··· Dataset
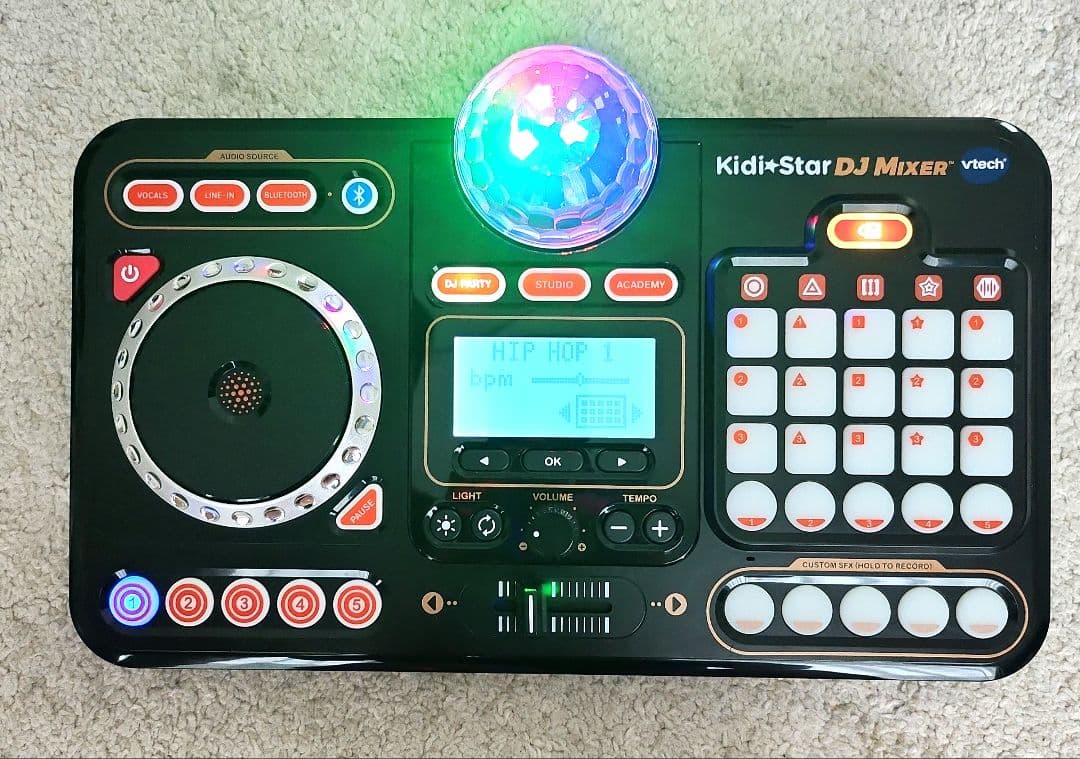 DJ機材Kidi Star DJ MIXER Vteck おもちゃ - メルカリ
······
··· Dataset
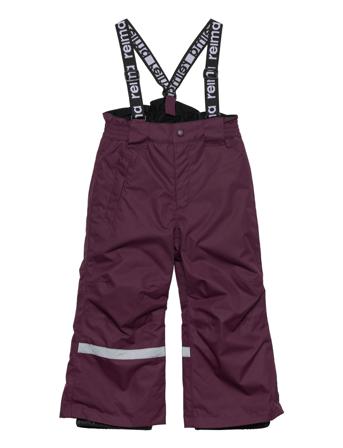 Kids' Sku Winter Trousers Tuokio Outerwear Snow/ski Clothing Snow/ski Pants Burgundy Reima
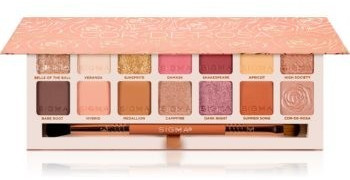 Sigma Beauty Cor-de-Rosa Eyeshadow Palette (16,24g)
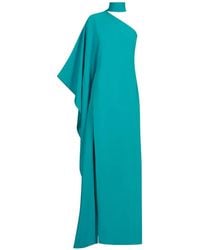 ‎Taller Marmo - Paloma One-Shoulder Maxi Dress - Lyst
······
Output exactly those lines of the data above that run from the line with "Sigma Beauty Cor-de-Rosa" up to and including the line with "Dress - Lyst". No pictures go in.

Problem solution:
 Sigma Beauty Cor-de-Rosa Eyeshadow Palette (16,24g)
 ‎Taller Marmo - Paloma One-Shoulder Maxi Dress - Lyst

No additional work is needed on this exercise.